99      D’autre part, s’agissant des motifs pour lesquels le Conseil a considéré que le requérant devait faire l’objet de telles mesures restrictives, la motivation qui figure au point 54 du tableau A de l’annexe I de la décision 2011/782 et en troisième ligne du tableau de l’annexe II du règlement n° 1011/2011 indique que le requérant est président de SAPCO et qu’il apporte un soutien économique au régime syrien. Le point 54 du tableau A de l’annexe II du règlement n° 36/2012 précise, de même, qu’il apporte un soutien financier au régime syrien. Par ailleurs, le 14 novembre 2011, le Conseil a indiqué au requérant qu’il avait l’intention de modifier l’exposé des motifs le concernant afin de préciser qu’il apportait un soutien financier à l’appareil répressif et aux groupes paramilitaires responsables des actes de violence contre la population civile en Syrie, qu’il fournissait des locaux (bâtiments, entrepôts) utilisés comme centres de détention provisoires, et qu’il entretenait des relations financières avec des hauts fonctionnaires syriens. La deuxième ligne du tableau de l’annexe II du règlement d’exécution n° 410/2012 a ainsi modifié les motifs de son inscription sur la liste des personnes faisant l’objet des mesures en cause.
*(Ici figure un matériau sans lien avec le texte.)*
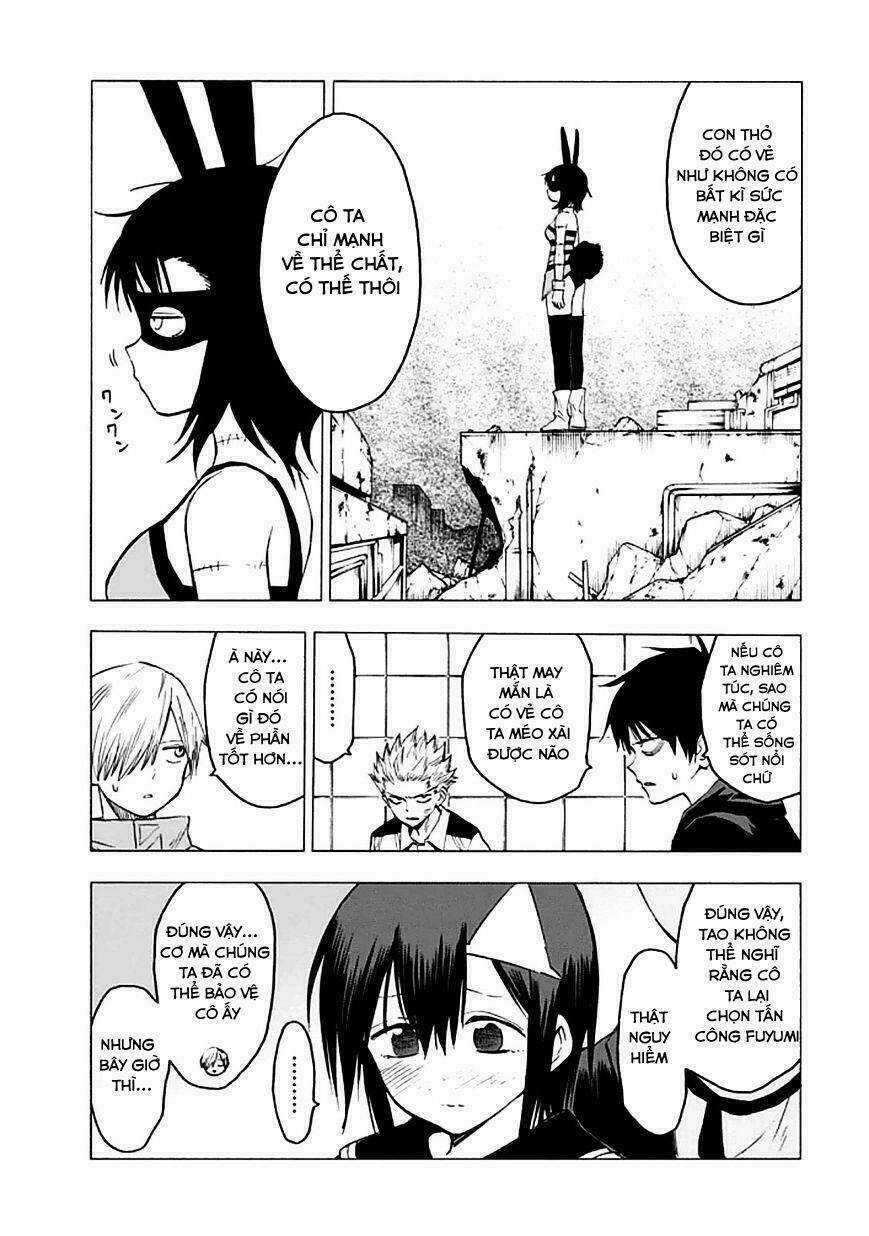Blood Lad Chapter 52 trang 24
Il ressort de l’ensemble de ces éléments que le Conseil a identifié, dans les actes attaqués, les éléments spécifiques et concrets, en termes de fonctions exercées à titre professionnel par le requérant, qu’il considérait comme témoignant de son appartenance au groupe de personnes et entités profitant ou soutenant le régime syrien, le finançant ou lui apportant un soutien logistique, et qui compromettaient ainsi les efforts visant à assurer une transition pacifique vers la démocratie en Syrie.

100    Par ces indications, le requérant a ainsi été mis en mesure de contester utilement le bien-fondé des actes attaqués, comme le montrent ses arguments développés sous le deuxième moyen, par lesquels il soutient que le Conseil aurait commis une erreur d’appréciation en considérant que, en sa qualité d’homme d’affaires important en Syrie, il apportait un soutien économique au régime syrien.

101    Il résulte de l’ensemble de ce qui précède que le quatrième moyen doit être rejeté et, partant, le recours dans son ensemble.

 Sur les dépens

102    En vertu de l’article 87, paragraphe 2, du règlement de procédure, la partie qui succombe est condamnée aux dépens, s’il est conclu en ce sens. Le requérant ayant succombé, il y a lieu de le condamner à supporter, outre ses propres dépens, ceux exposés par le Conseil, conformément aux conclusions de ce dernier.

Par ces motifs,

LE TRIBUNAL (sixième chambre)

déclare et arrête :

1)      Le recours est rejeté.

2)      M. Issam Anbouba est condamné aux dépens.

Kanninen

Soldevila Fragoso

Berardis

Ainsi prononcé en audience publique à Luxembourg, le 13 septembre 2013.

Signatures


* Langue de procédure : le français.